• Work item: Your answer must be an exact repeat of the lines from the one containing "DM DROGERIE leták" through the last line of the records, both included, with no pictures.

::::::::

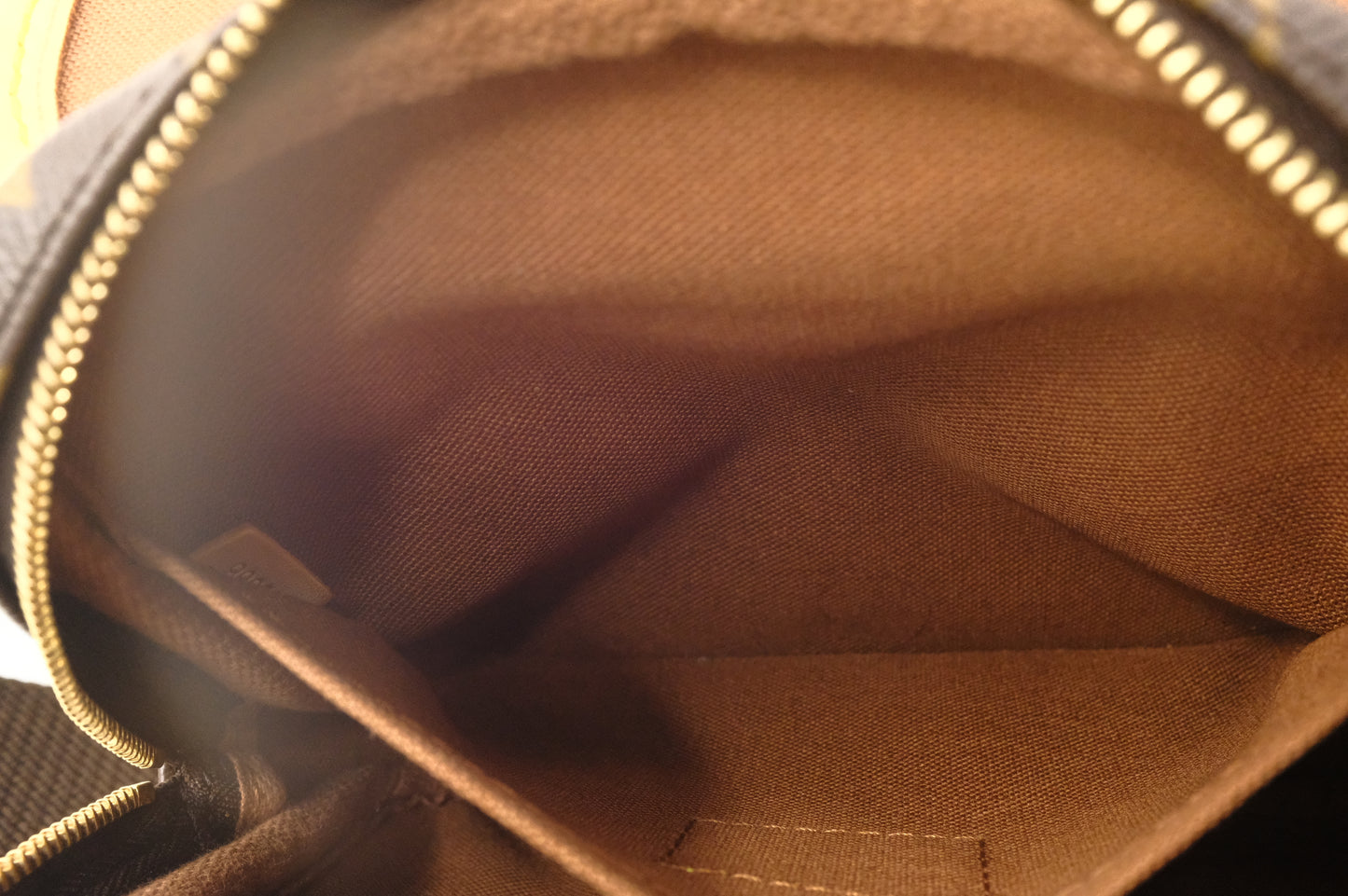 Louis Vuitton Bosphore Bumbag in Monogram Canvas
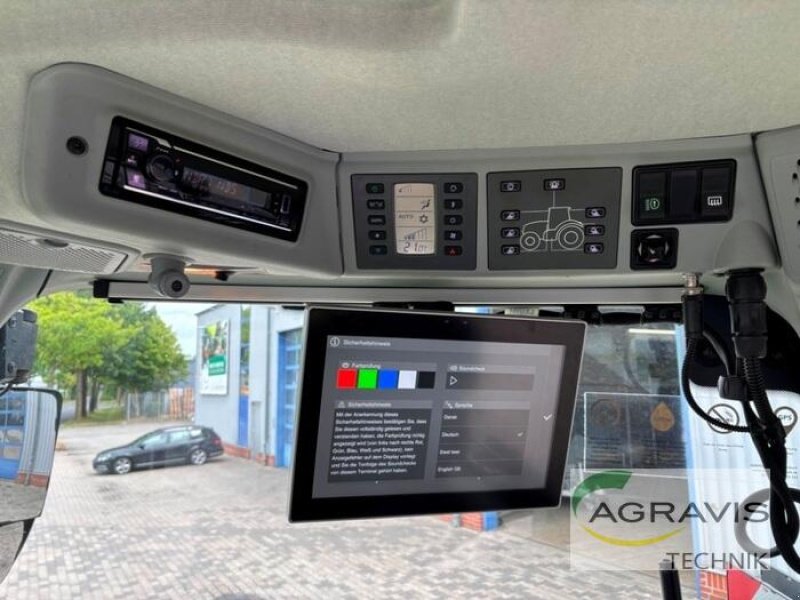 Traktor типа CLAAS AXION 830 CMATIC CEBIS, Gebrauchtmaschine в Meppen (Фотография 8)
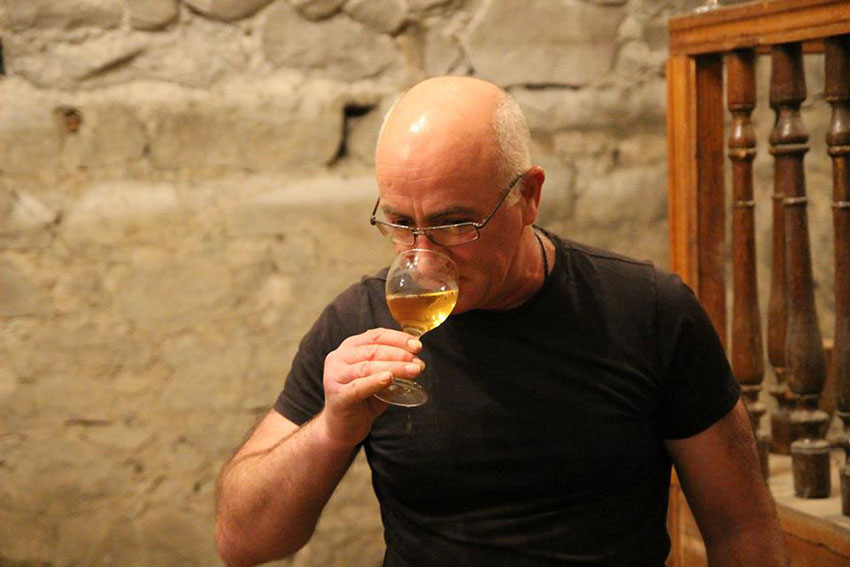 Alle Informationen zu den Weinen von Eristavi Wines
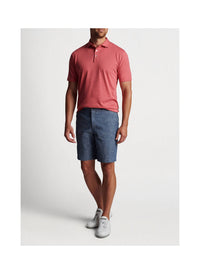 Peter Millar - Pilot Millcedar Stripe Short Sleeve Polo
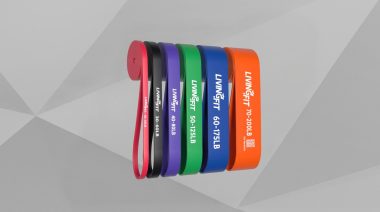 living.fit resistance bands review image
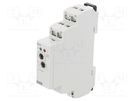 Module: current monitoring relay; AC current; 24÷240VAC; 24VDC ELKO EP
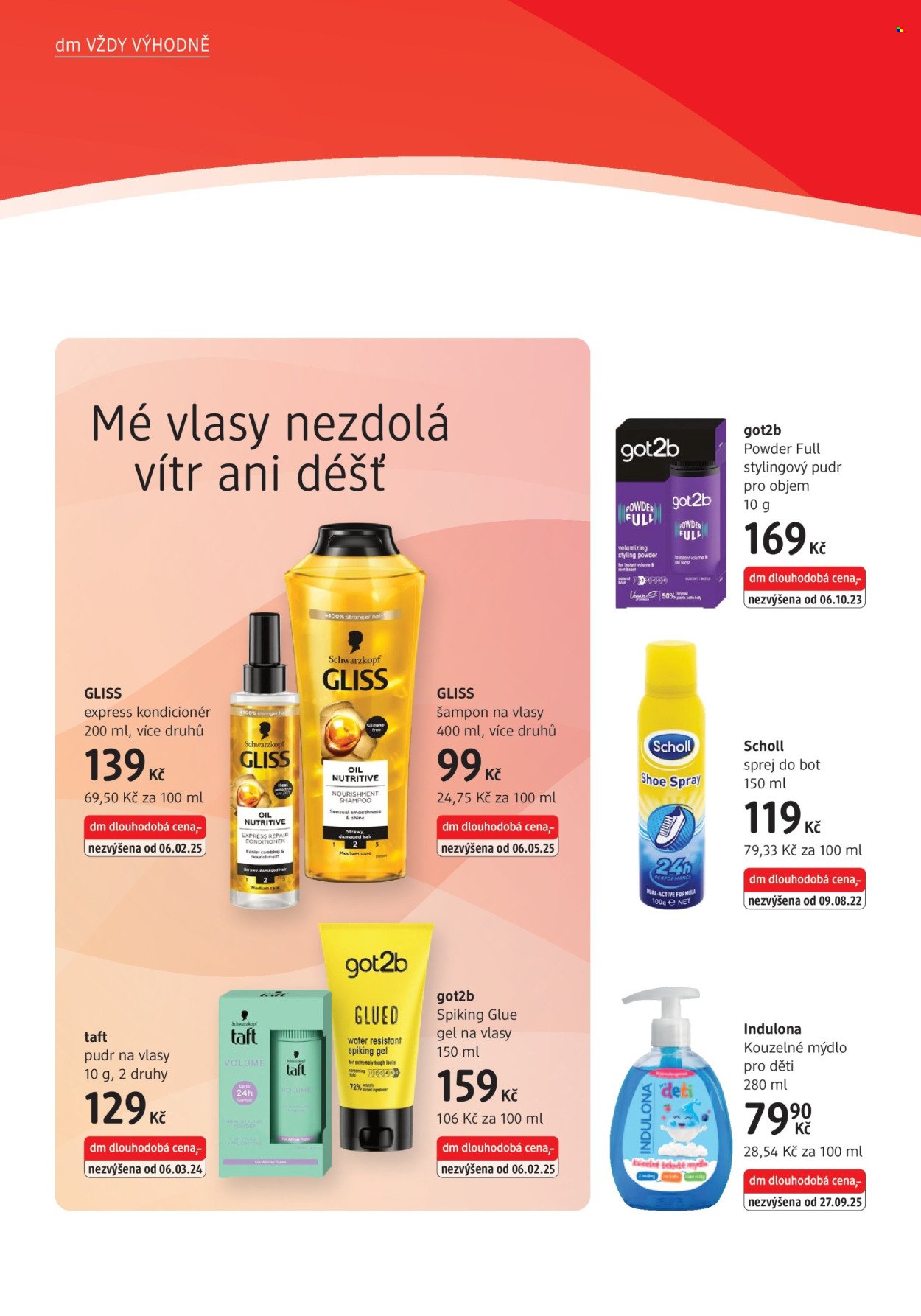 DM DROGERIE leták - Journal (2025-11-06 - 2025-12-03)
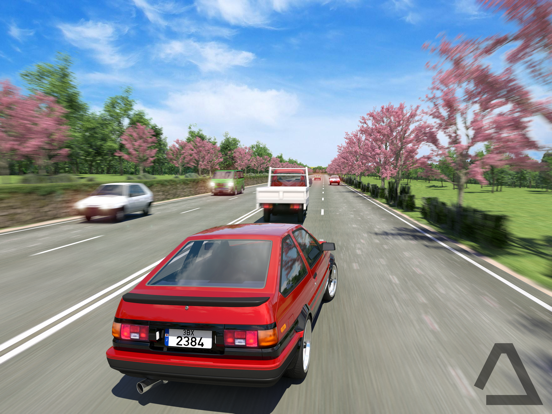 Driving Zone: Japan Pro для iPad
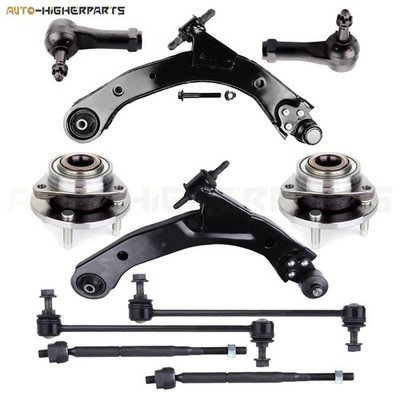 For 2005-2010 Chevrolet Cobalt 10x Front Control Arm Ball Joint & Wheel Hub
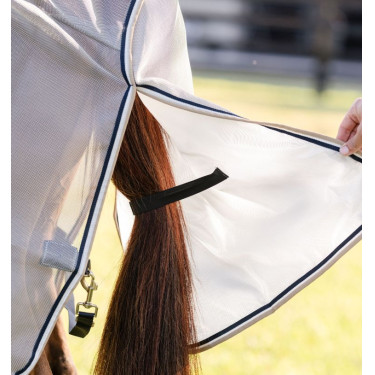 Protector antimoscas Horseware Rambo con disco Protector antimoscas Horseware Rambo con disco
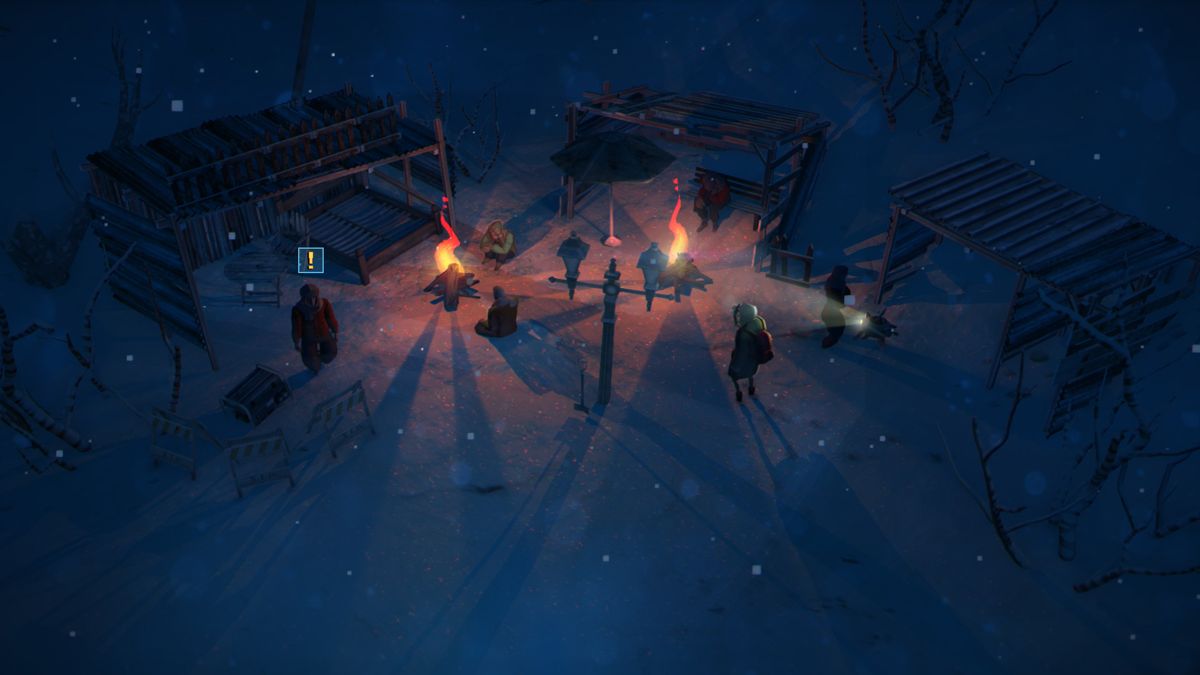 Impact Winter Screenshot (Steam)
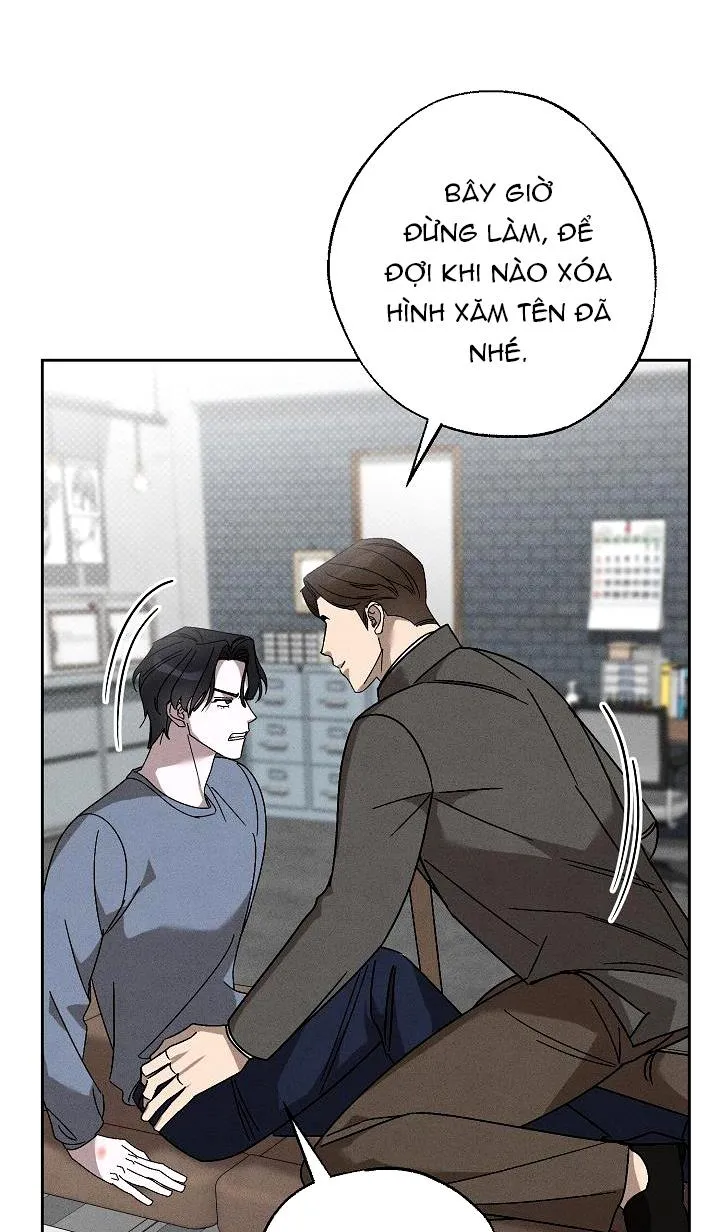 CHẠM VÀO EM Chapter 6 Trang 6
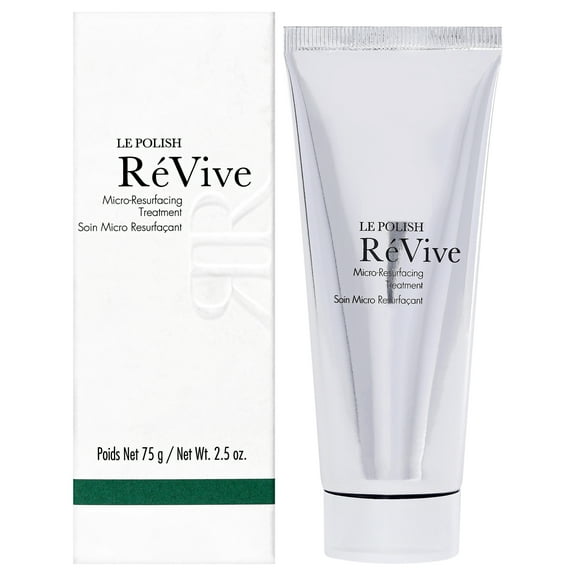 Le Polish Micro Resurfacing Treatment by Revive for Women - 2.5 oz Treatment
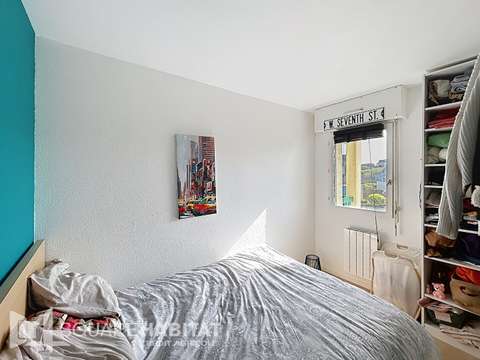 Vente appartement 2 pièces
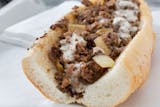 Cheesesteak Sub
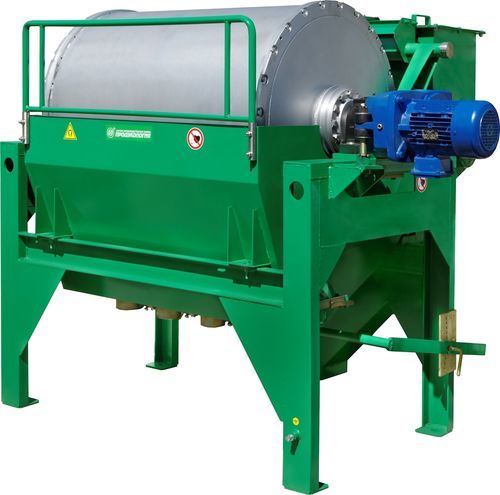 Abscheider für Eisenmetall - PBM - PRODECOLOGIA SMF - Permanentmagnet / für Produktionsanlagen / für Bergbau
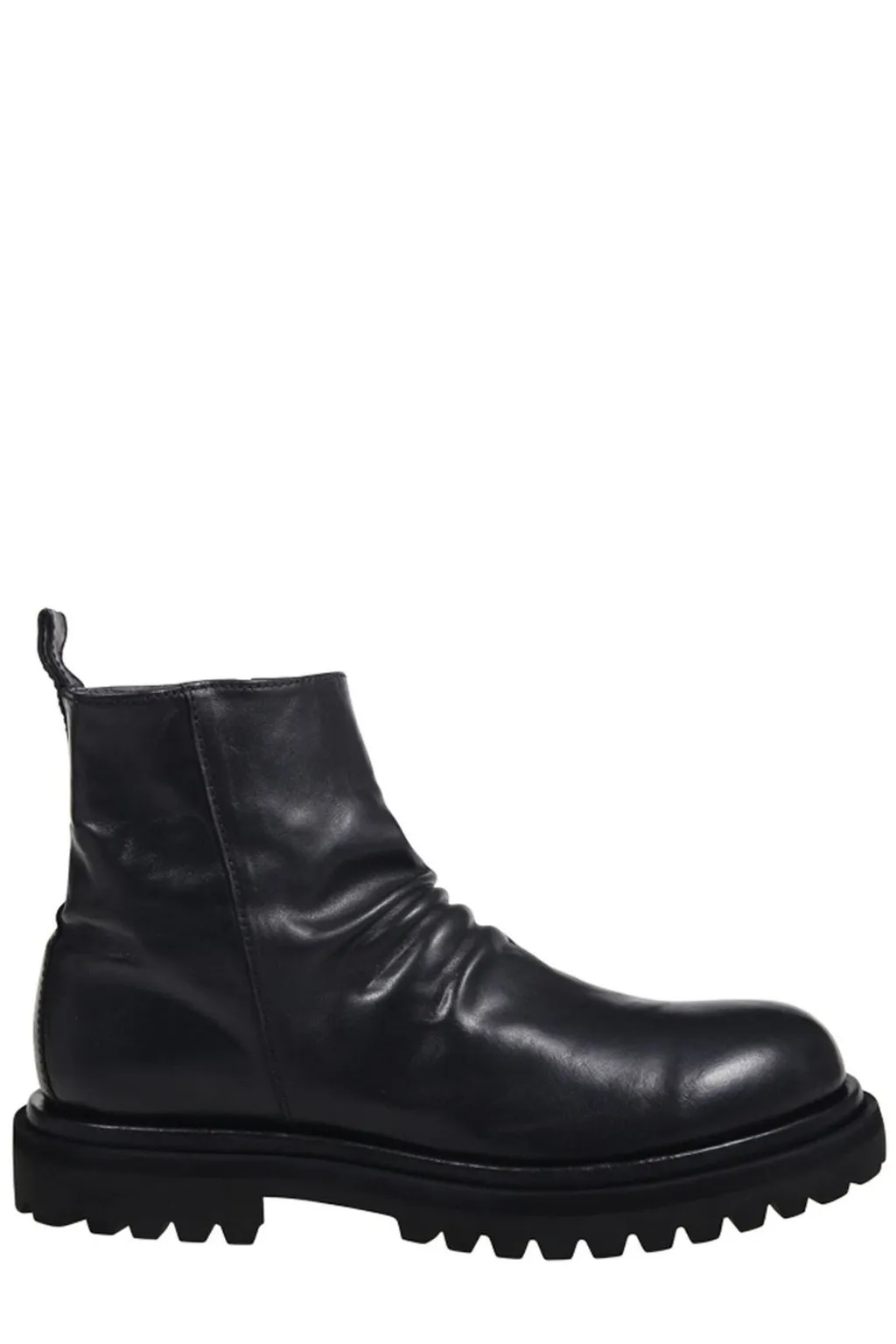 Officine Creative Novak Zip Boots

::::::::

• Exercise result:
 DM DROGERIE leták - Journal (2025-11-06 - 2025-12-03)
 Driving Zone: Japan Pro для iPad
 For 2005-2010 Chevrolet Cobalt 10x Front Control Arm Ball Joint & Wheel Hub
 Protector antimoscas Horseware Rambo con disco Protector antimoscas Horseware Rambo con disco
 Impact Winter Screenshot (Steam)
 CHẠM VÀO EM Chapter 6 Trang 6
 Le Polish Micro Resurfacing Treatment by Revive for Women - 2.5 oz Treatment
 Vente appartement 2 pièces
 Cheesesteak Sub
 Abscheider für Eisenmetall - PBM - PRODECOLOGIA SMF - Permanentmagnet / für Produktionsanlagen / für Bergbau
 Officine Creative Novak Zip Boots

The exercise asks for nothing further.